- [Your objective]: Below are records to transcribe exactly, without their pictures.

Top of Data excerpts

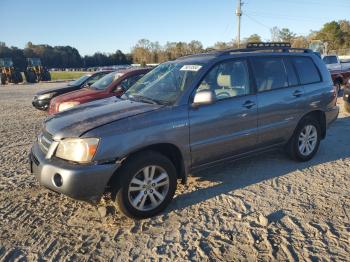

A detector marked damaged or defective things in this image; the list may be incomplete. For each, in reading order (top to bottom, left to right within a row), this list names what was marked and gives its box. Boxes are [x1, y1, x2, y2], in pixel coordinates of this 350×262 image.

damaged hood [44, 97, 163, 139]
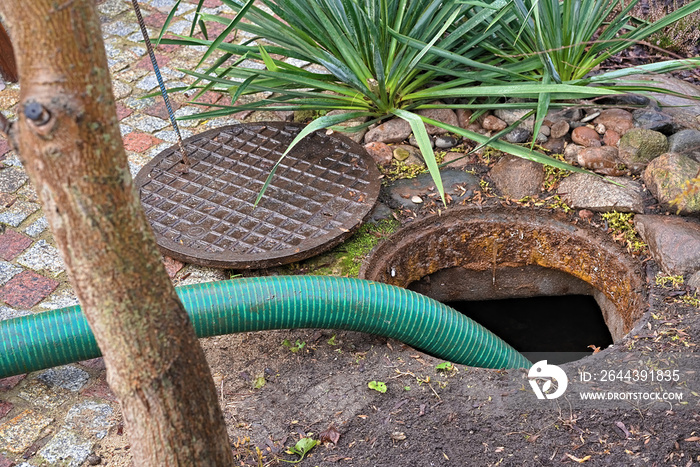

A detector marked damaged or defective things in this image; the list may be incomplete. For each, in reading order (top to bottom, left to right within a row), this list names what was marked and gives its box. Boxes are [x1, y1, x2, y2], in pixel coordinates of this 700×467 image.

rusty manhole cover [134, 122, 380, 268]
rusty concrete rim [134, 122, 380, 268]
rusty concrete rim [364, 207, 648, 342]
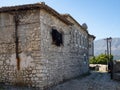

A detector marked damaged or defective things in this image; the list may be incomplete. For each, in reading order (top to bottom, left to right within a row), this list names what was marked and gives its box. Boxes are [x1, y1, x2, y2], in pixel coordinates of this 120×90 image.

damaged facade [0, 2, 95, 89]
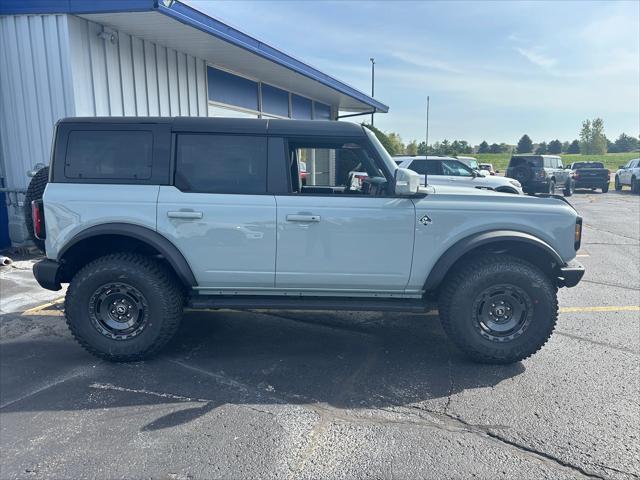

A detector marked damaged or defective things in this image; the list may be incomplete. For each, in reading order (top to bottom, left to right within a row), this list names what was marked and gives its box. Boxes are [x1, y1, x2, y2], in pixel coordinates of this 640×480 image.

Bottom of Data excerpts

- [Reply]:
A detector marked damaged or defective things in this image; the list may be incomplete. For each, in reading order (top to bottom, left to right within a row), this list names what was marked and gives its box. Boxes are [x1, y1, x2, y2], in pixel coordinates of this 350×262 image.

damaged hood [44, 97, 163, 139]

A detector marked damaged or defective things in this image; the list may be incomplete. For each, in reading order (top to bottom, left to right within a row), this list names what was marked and gives its box. Boxes are [x1, y1, x2, y2], in pixel coordinates of this 700×467 image.

rusty manhole cover [134, 122, 380, 268]
rusty concrete rim [134, 122, 380, 268]
rusty concrete rim [364, 207, 648, 342]

A detector marked damaged or defective things in this image; the list may be incomplete. For each, in reading order (top to bottom, left to right within a row), this list names what was marked and gives its box. Boxes are [x1, y1, x2, y2], in pixel coordinates of this 120×90 image.

damaged facade [0, 2, 95, 89]

A detector marked damaged or defective things in this image; the list may be incomplete. For each, in reading order (top to bottom, left to right within a row), this list names what was marked and gives its box. Boxes are [x1, y1, x2, y2], in pixel coordinates of this 640×480 image.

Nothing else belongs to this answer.